• [What you need to do]
Copy out exactly the stretch of the listing below that begins at the line containing "Thumbnail: 2020 Toyota Sienna - 17" and ends at the line containing "Used 2023 Jeep", and copy nothing outside it.

• [Recorded information]
= Beginning of Section =

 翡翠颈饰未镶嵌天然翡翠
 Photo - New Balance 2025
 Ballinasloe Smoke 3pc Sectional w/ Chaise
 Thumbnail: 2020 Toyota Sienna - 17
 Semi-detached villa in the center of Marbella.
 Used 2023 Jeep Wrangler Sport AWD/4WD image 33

= End of Section =
= Beginning of Section =

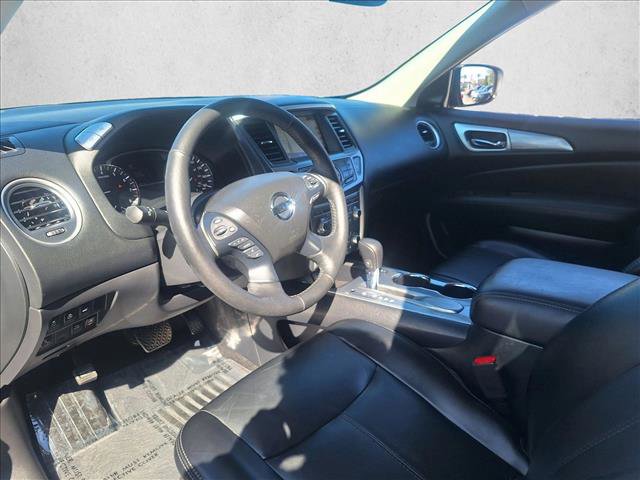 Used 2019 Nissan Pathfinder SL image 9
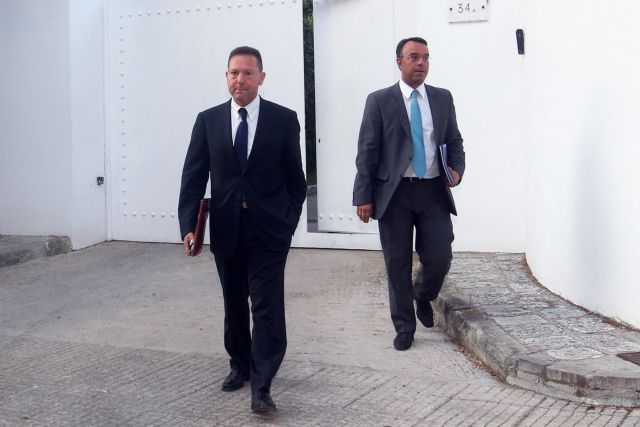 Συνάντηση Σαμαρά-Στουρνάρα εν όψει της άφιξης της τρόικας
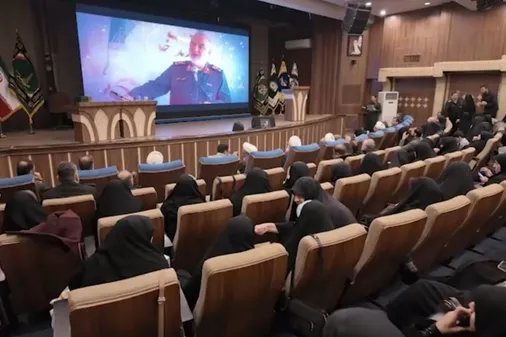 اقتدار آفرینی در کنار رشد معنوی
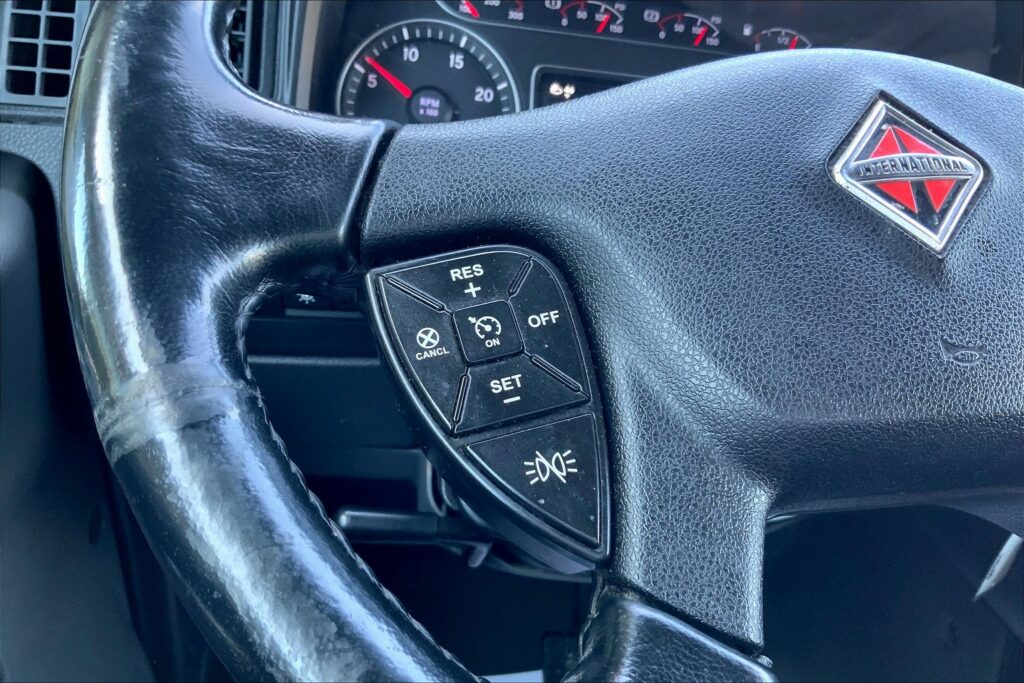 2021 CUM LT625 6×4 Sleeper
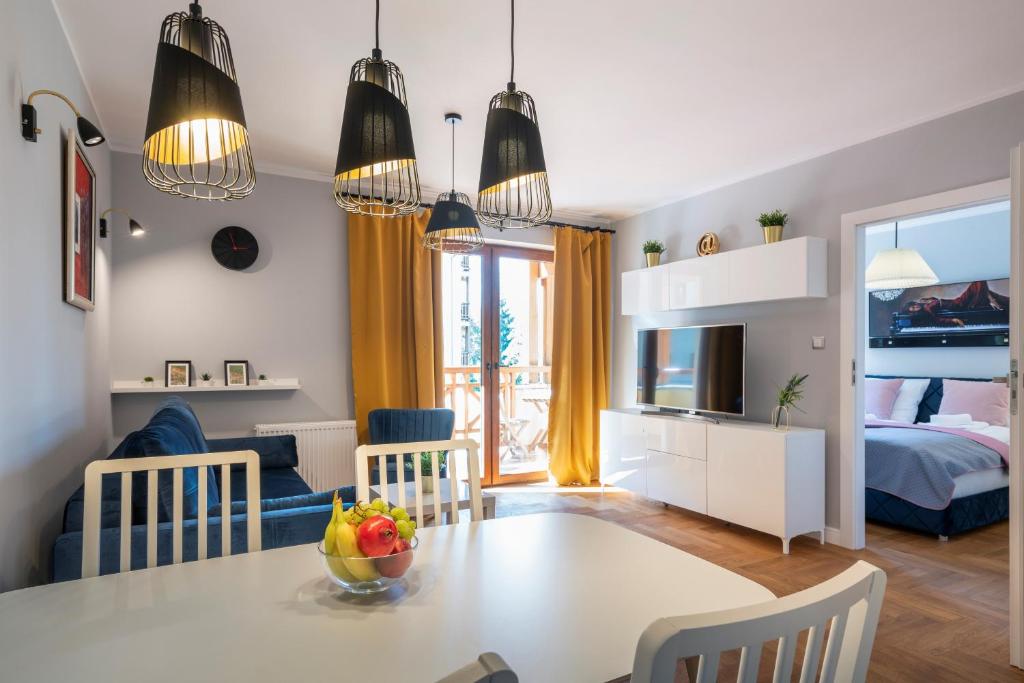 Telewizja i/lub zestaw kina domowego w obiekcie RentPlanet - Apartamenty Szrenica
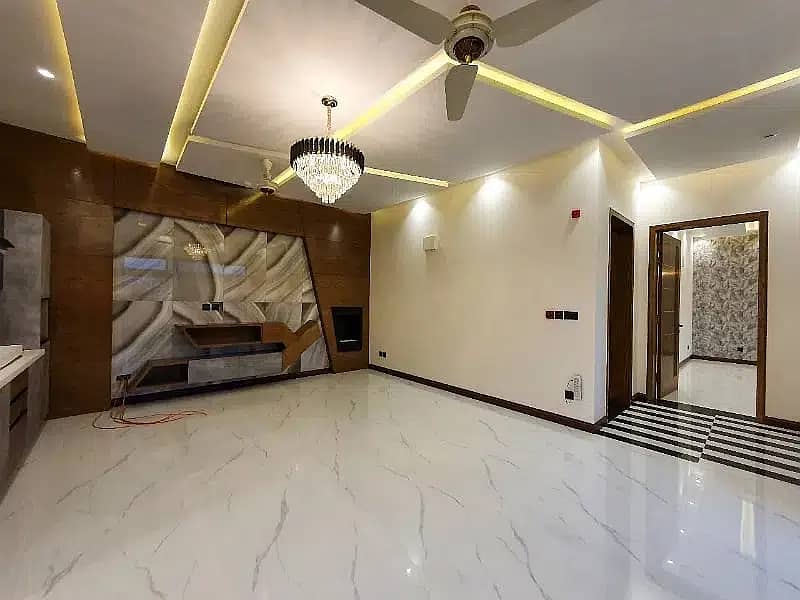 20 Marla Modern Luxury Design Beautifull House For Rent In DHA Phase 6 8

= End of Section =

• [Your solution]
 Thumbnail: 2020 Toyota Sienna - 17
 Semi-detached villa in the center of Marbella.
 Used 2023 Jeep Wrangler Sport AWD/4WD image 33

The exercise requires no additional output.